– Preston Keat is director of research at Eurasia Group, a global political risk consultancy, and author of the forthcoming book “The Fat Tail: The Power of Political Knowledge for Strategic Investors” (with Ian Bremmer). Any views expressed are his own. For the related story, click here.
There are a number of macro risks that will continue to grab headlines in 2009, including the conflicts in Afghanistan and Iraq, cross-border tensions and state instability in Pakistan, and Iran’s ongoing quest to develop advanced nuclear technologies.
These risks are real, and will not be resolved easily or quickly. But there are two other general groups of political risks that could be defining both for investors and policy makers: first, the prospect of a number of interrelated market risks in developed and emerging Europe, and second, the challenges faced by the United States regarding multilateral leadership (particularly in the area of financial regulatory reform).
Political risks have historically mattered much more in emerging markets, but political risk in the developed, industrial democracies is rising more quickly than anyone would have predicted a year ago.

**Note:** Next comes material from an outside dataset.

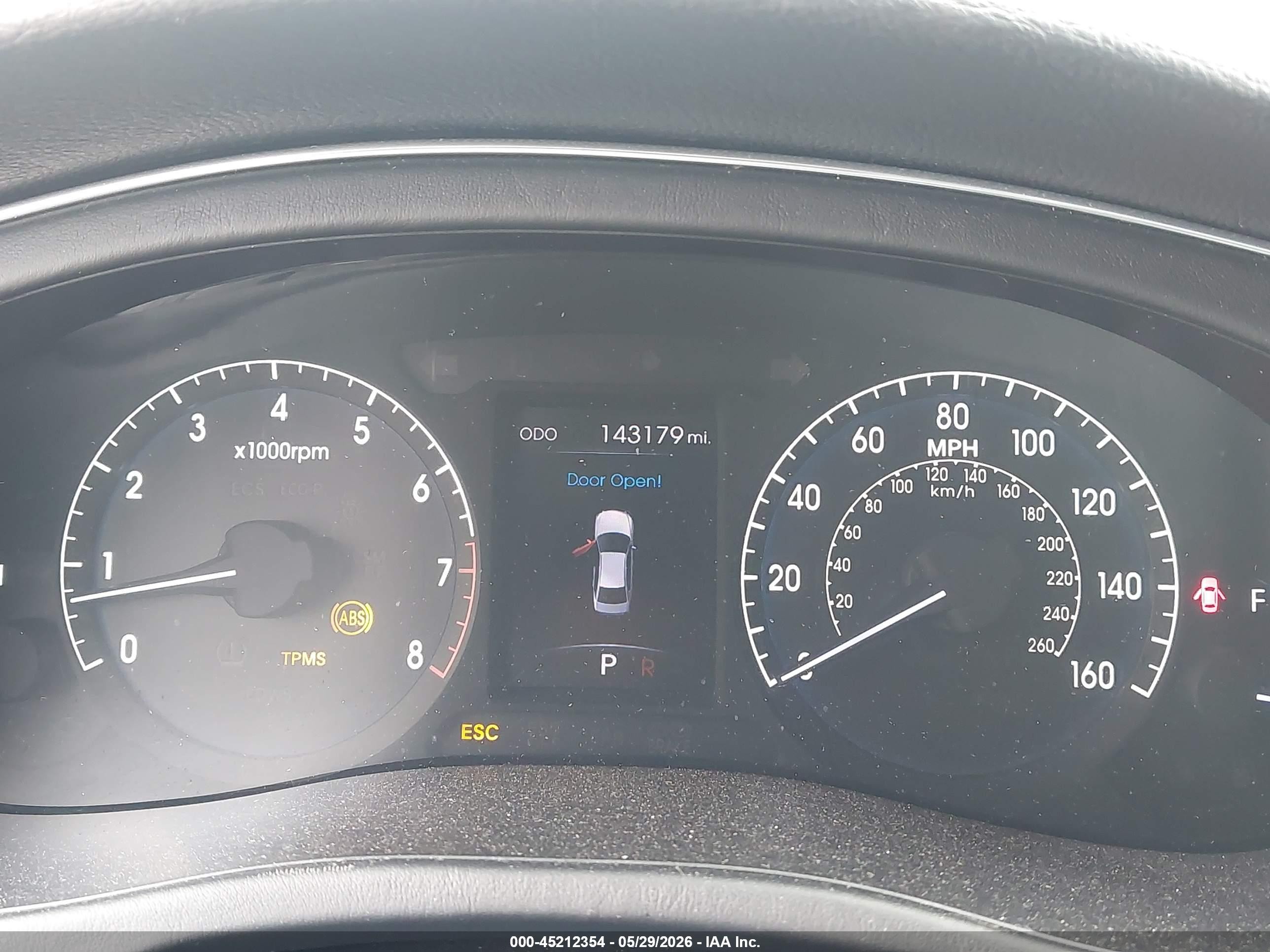 2012 Hyundai Genesis 4.6 Black vin: KMHGC4DF2CU168761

Political-market risk in emerging Europe is significantly higher now than any time in the past decade. Russia and Ukraine, and even recent star “emerging Europe” performers such as Turkey, Hungary, and Romania face serious vulnerabilities in the coming year. In addition, western financial institutions based in countries like Germany, Italy and Austria are particularly vulnerable to a credit crisis in Eastern Europe, where they have large loan exposures. Russia’s growing anti-westernism, its state intervention in strategic economic sectors, and its assertive posture regarding Georgia have been widely discussed, and will remain concerns in 2009.